_PROBLEM DETAILS_:
In your copy of the listing below, reproduce each word exactly and include no pictures.

_DATASET SECTION_:
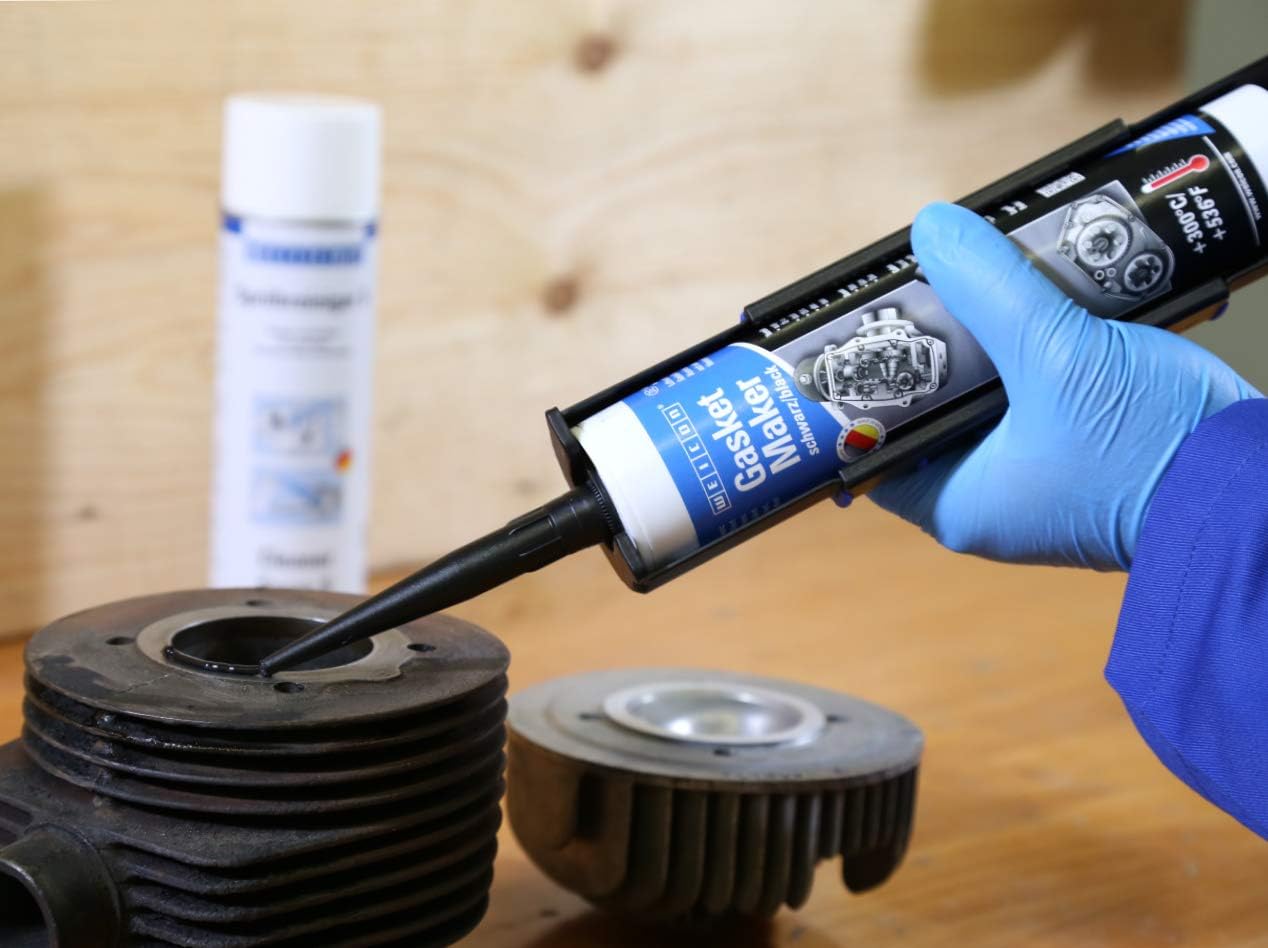 WEICON Gasket Maker / 310 ml/Black/Special and Strong Resistant sealant for car Engine Motorbike, Steel, Aluminium, Glass, Ceramic - Image 4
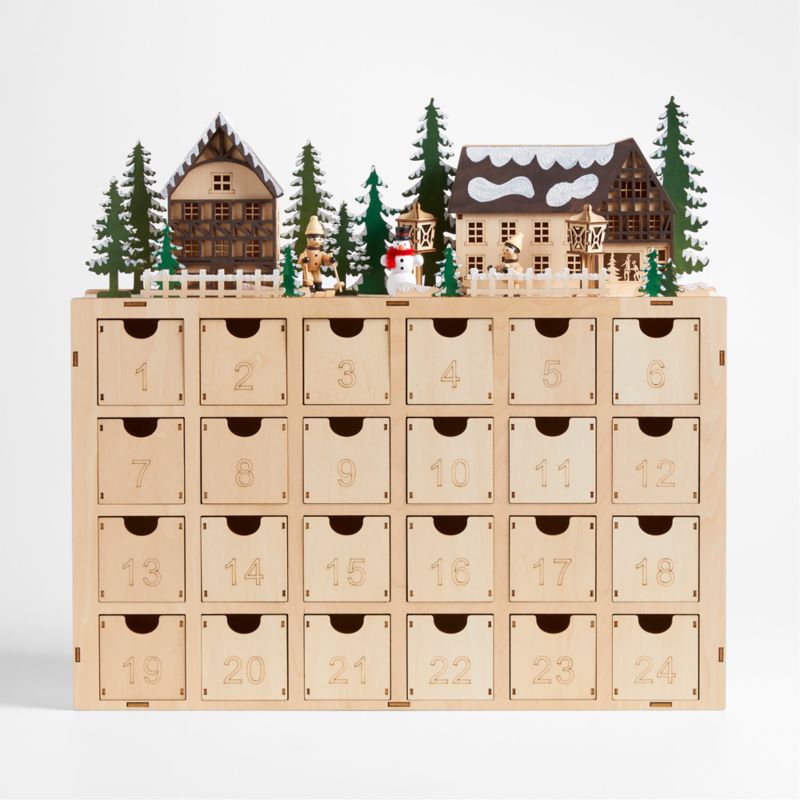Wooden Village Holiday Advent Calendar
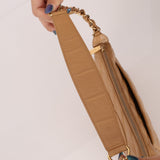Vintage Chanel 2009 Caviar Timeless Beige Pochette - FashioNica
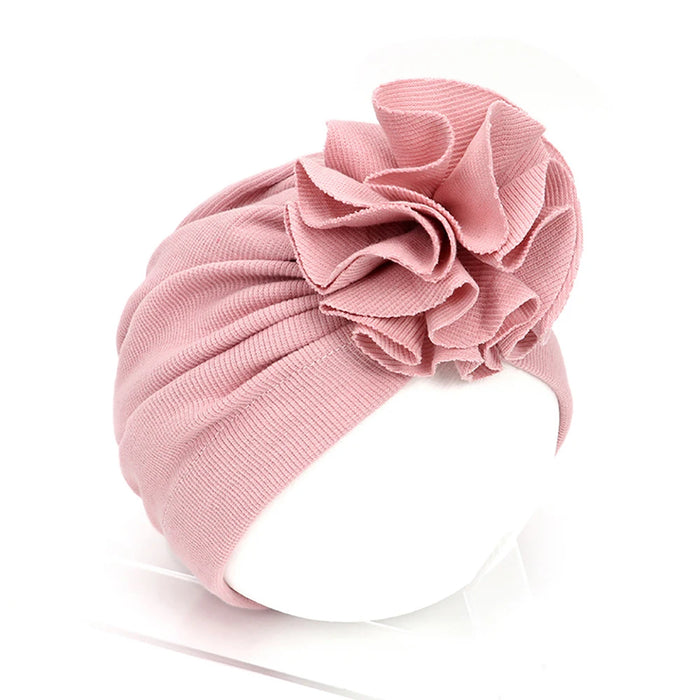 Lovely Flower Baby Hat Toddler Head Wraps Turban Infant Kids Bonnet Newborn Girls Headband Cotton Beanie Cap Baby Accessories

_SOLUTION FOR THIS PROBLEM_:
 WEICON Gasket Maker / 310 ml/Black/Special and Strong Resistant sealant for car Engine Motorbike, Steel, Aluminium, Glass, Ceramic - Image 4
Wooden Village Holiday Advent Calendar
Vintage Chanel 2009 Caviar Timeless Beige Pochette - FashioNica
 Lovely Flower Baby Hat Toddler Head Wraps Turban Infant Kids Bonnet Newborn Girls Headband Cotton Beanie Cap Baby Accessories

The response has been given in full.